Records contained in a dataset
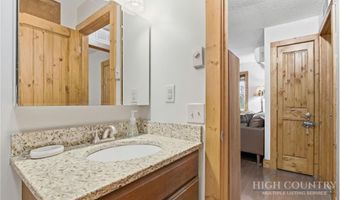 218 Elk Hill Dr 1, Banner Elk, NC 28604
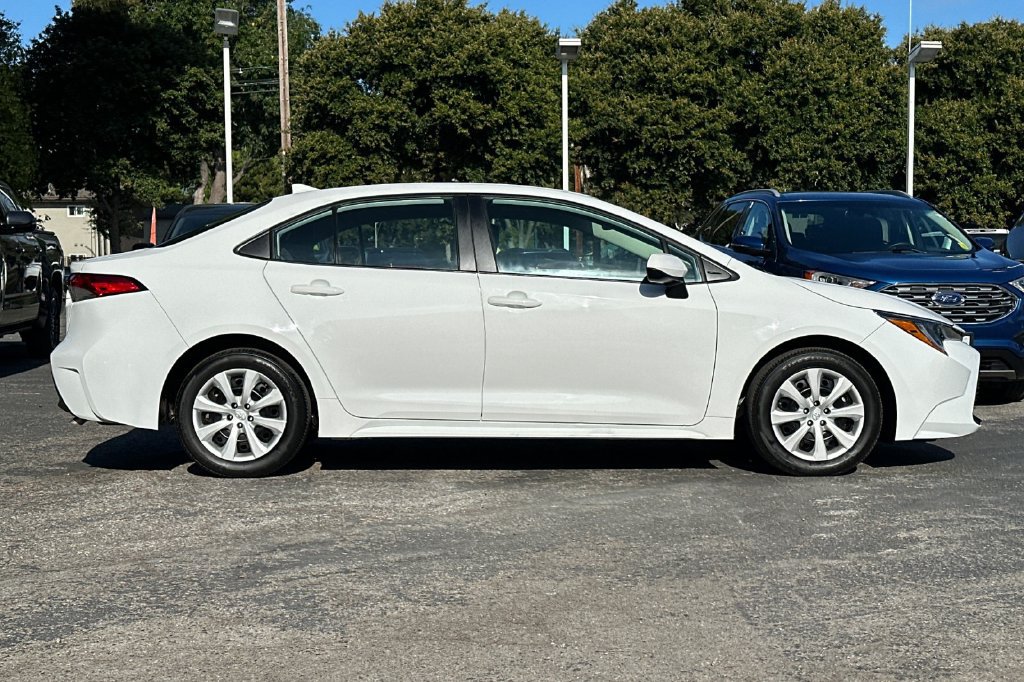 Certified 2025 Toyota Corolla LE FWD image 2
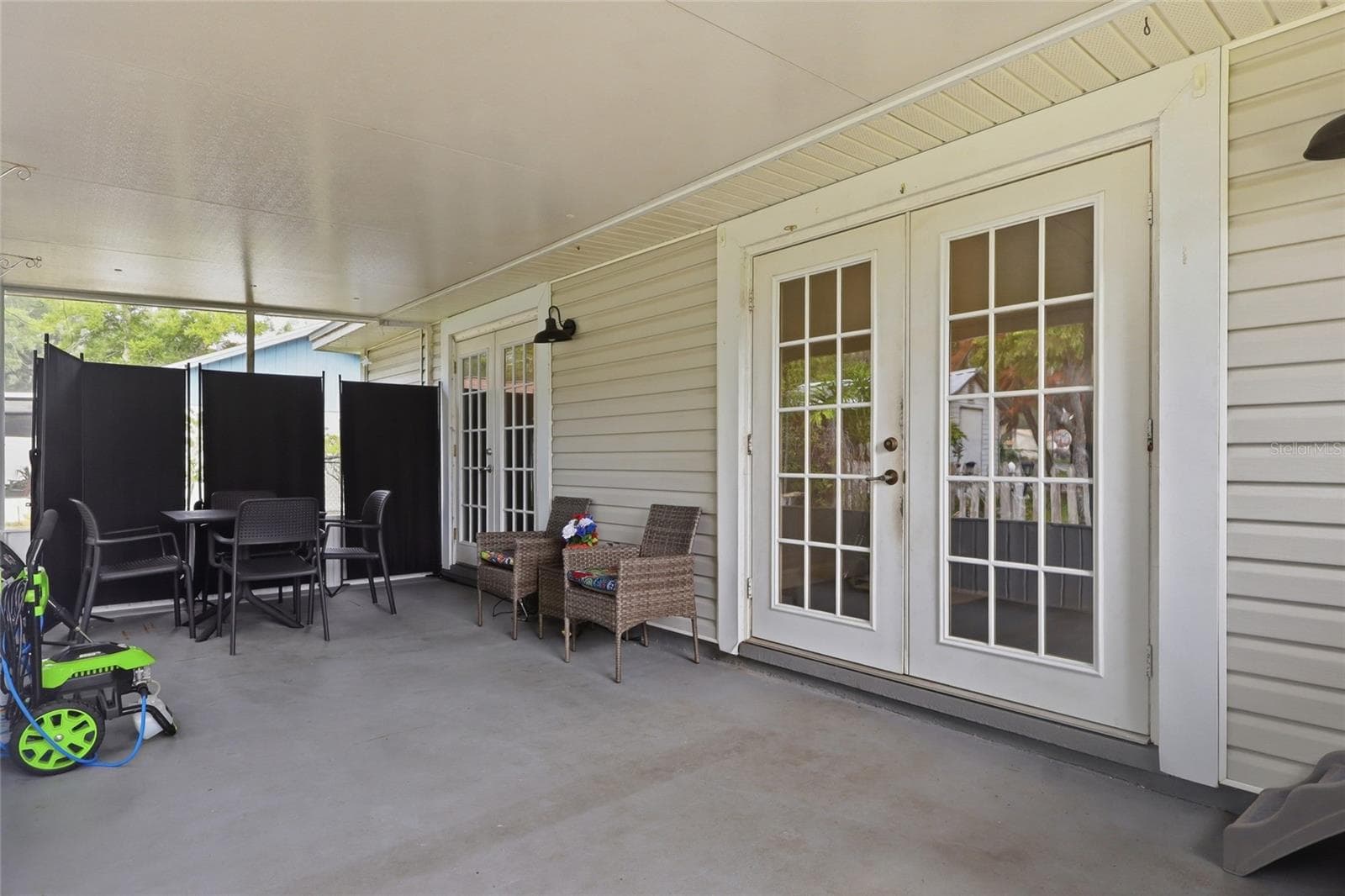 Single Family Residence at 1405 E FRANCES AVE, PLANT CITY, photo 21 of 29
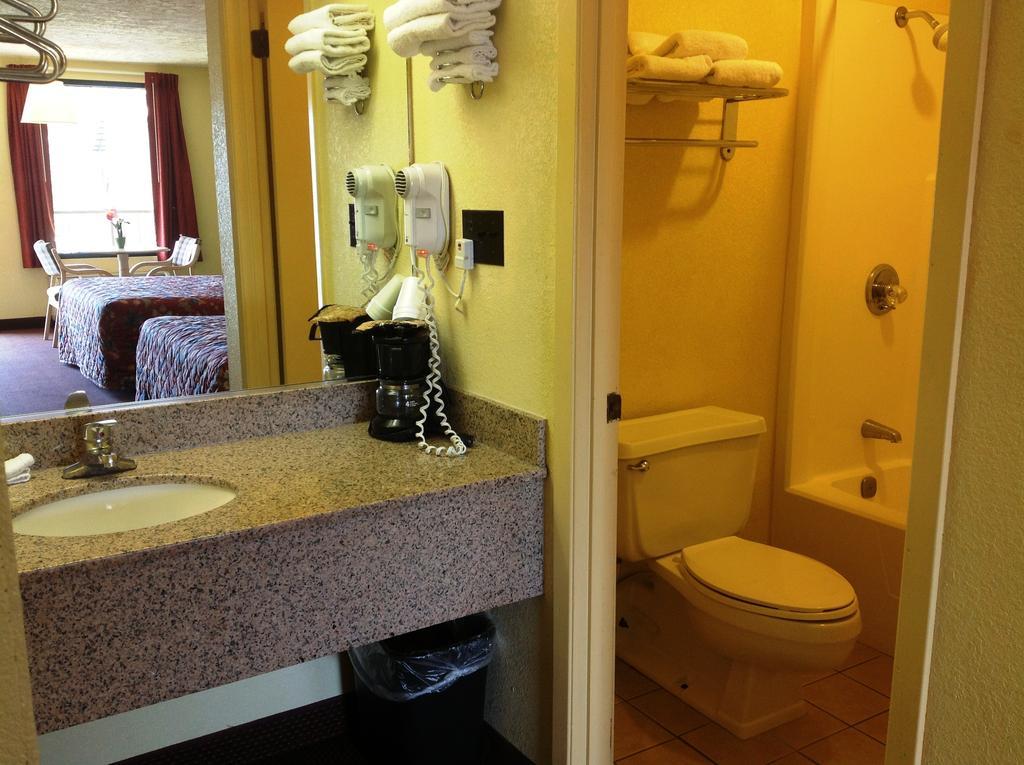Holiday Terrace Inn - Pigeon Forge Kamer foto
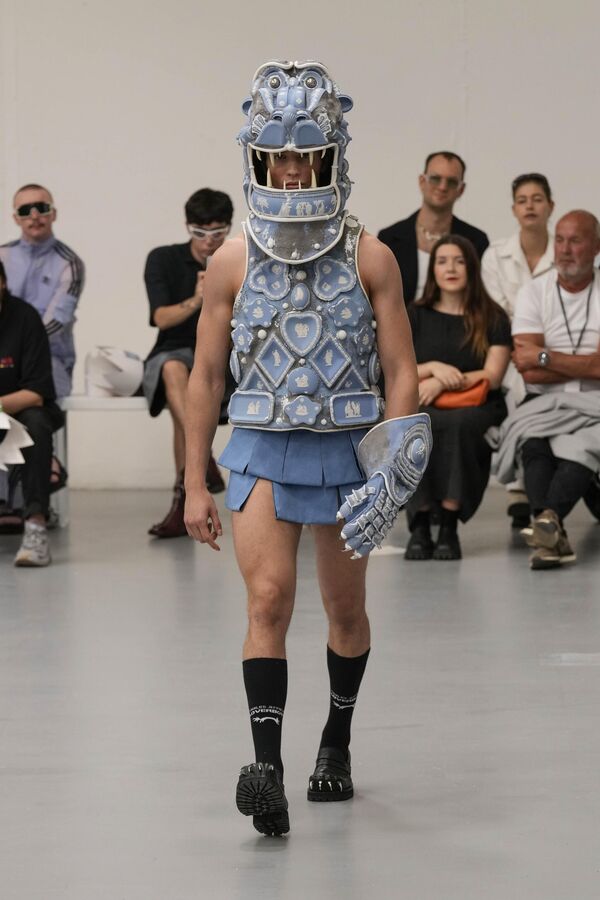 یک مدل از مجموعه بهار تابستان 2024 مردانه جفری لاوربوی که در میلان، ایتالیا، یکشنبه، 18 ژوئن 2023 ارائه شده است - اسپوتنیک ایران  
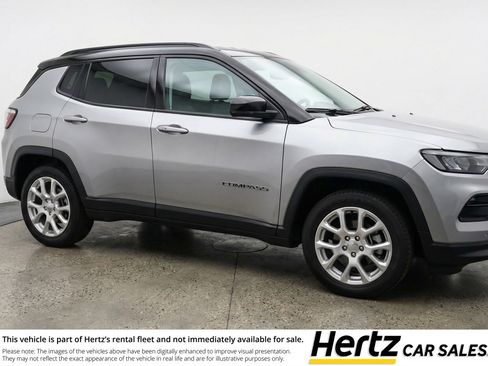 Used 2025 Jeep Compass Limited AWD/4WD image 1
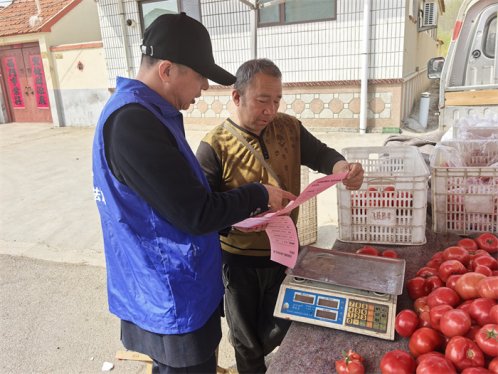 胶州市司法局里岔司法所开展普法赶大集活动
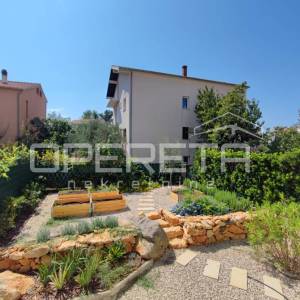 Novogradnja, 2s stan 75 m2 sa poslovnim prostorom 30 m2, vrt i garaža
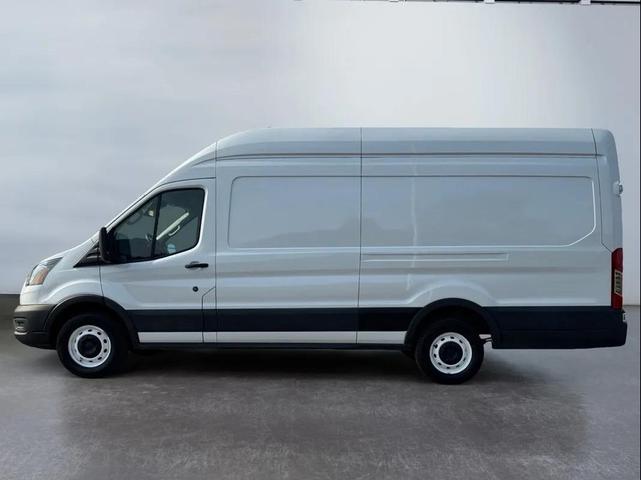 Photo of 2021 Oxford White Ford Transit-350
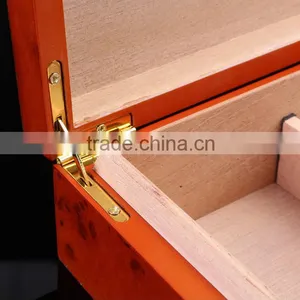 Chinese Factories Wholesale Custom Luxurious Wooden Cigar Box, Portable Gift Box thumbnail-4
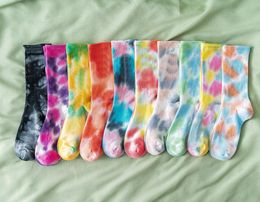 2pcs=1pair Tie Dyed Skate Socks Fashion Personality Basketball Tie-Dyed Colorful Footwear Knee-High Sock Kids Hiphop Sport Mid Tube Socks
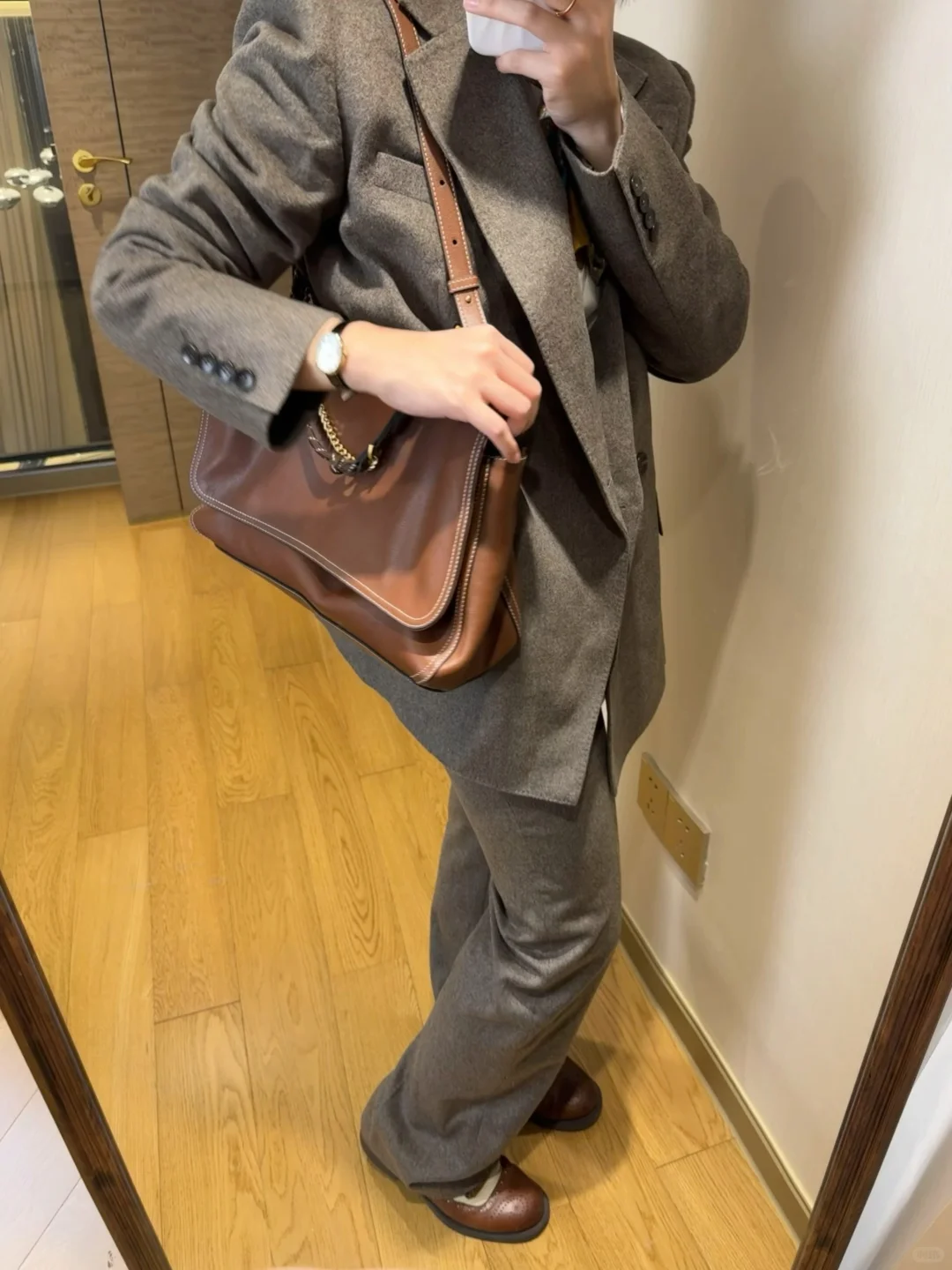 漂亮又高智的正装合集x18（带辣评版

(Your assignment):
Your task is to restate word for word the lines from the one containing "Chinese Factories Wholesale" through the last line of the data, both ends included, with no pictures.

(Exercise solution):
 Chinese Factories Wholesale Custom Luxurious Wooden Cigar Box, Portable Gift Box thumbnail-4
 2pcs=1pair Tie Dyed Skate Socks Fashion Personality Basketball Tie-Dyed Colorful Footwear Knee-High Sock Kids Hiphop Sport Mid Tube Socks
 漂亮又高智的正装合集x18（带辣评版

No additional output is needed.